Directions
In the records below, find the line containing "Snapshot of MargoViento" and the line containing "Superior Suite, 1". Give again exactly those lines and every line between them, omitting the pictures.

The records
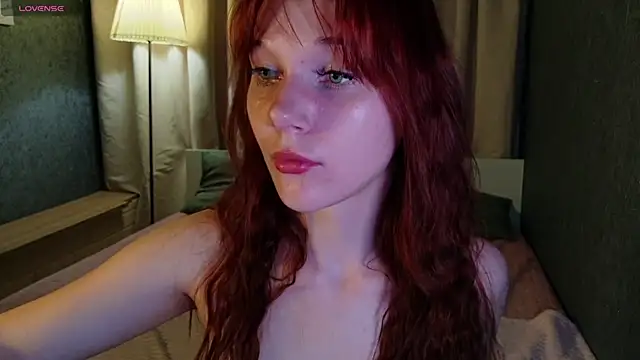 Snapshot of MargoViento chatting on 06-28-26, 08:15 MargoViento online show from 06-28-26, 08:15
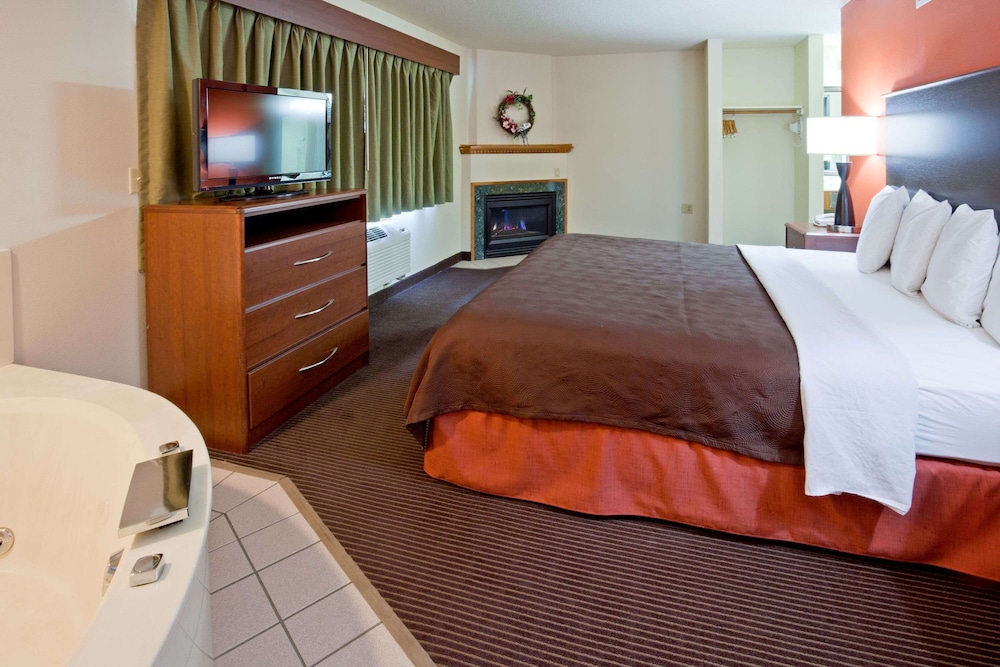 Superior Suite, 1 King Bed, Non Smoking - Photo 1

==

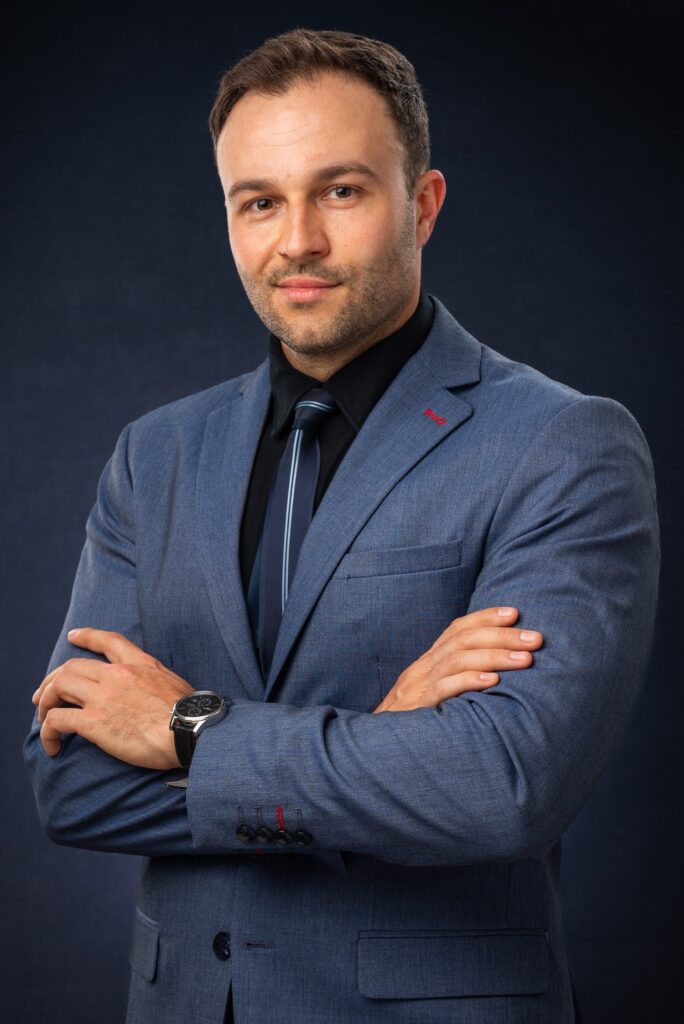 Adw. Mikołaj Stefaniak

Solved exercise
 Snapshot of MargoViento chatting on 06-28-26, 08:15 MargoViento online show from 06-28-26, 08:15
 Superior Suite, 1 King Bed, Non Smoking - Photo 1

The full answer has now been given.